*WHAT YOU NEED TO DO*:
If a line in the records contains the word "white", count it; state the resulting number and nothing more.

*Data extracted from a collection*:

———

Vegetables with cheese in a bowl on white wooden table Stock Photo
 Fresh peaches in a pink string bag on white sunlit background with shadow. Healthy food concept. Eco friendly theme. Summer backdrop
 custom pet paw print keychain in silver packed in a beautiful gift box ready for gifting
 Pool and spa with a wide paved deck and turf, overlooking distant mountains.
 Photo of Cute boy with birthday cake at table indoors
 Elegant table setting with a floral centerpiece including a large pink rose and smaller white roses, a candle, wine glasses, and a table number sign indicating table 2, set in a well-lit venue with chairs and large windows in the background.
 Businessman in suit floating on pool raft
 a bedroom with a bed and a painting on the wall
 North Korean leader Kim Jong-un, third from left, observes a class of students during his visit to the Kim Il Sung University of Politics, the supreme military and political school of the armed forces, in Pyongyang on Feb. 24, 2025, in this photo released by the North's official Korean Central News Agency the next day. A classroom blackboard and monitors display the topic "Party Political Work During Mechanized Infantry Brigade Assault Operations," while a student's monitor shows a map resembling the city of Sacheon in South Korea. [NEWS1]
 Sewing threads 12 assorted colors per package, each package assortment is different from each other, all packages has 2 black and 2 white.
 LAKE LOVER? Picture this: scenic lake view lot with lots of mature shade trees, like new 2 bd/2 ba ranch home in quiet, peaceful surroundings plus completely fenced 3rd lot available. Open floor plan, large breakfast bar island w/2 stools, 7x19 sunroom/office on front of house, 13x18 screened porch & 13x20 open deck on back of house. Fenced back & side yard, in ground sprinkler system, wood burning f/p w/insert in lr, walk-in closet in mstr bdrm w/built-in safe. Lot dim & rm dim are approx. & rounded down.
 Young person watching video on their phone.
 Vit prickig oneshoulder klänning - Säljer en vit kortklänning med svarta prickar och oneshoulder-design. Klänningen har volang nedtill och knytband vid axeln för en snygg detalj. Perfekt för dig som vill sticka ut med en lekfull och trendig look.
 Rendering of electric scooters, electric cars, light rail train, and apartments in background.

———

*TASK RESULT*:
4